(GIVEN INFORMATION begins)

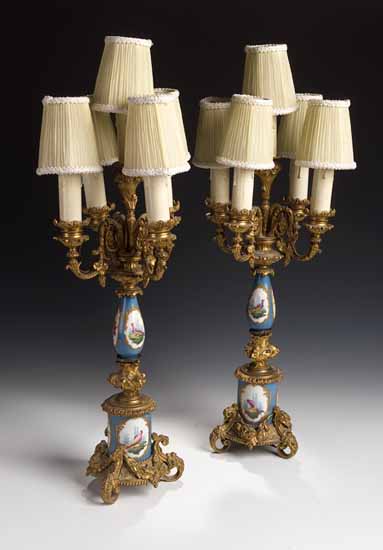 A pair of porcelain and gilt metal five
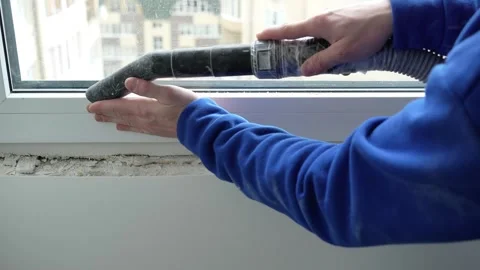 Master builder vacuums window with vacuum cleaner before renovation Stock Footage 317395045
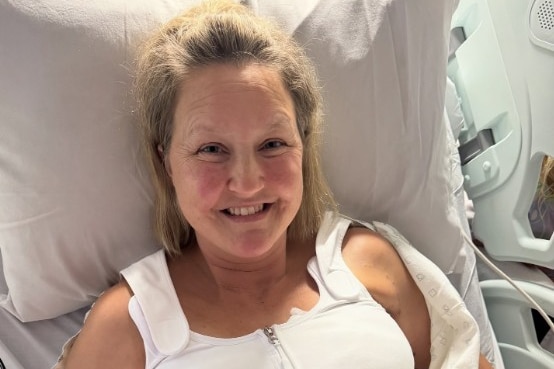A woman smiles while lying in a hospital bed.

(GIVEN INFORMATION ends)

Repeat each line above exactly as it reads, omitting any pictures.

 A pair of porcelain and gilt metal five
 Master builder vacuums window with vacuum cleaner before renovation Stock Footage 317395045
A woman smiles while lying in a hospital bed.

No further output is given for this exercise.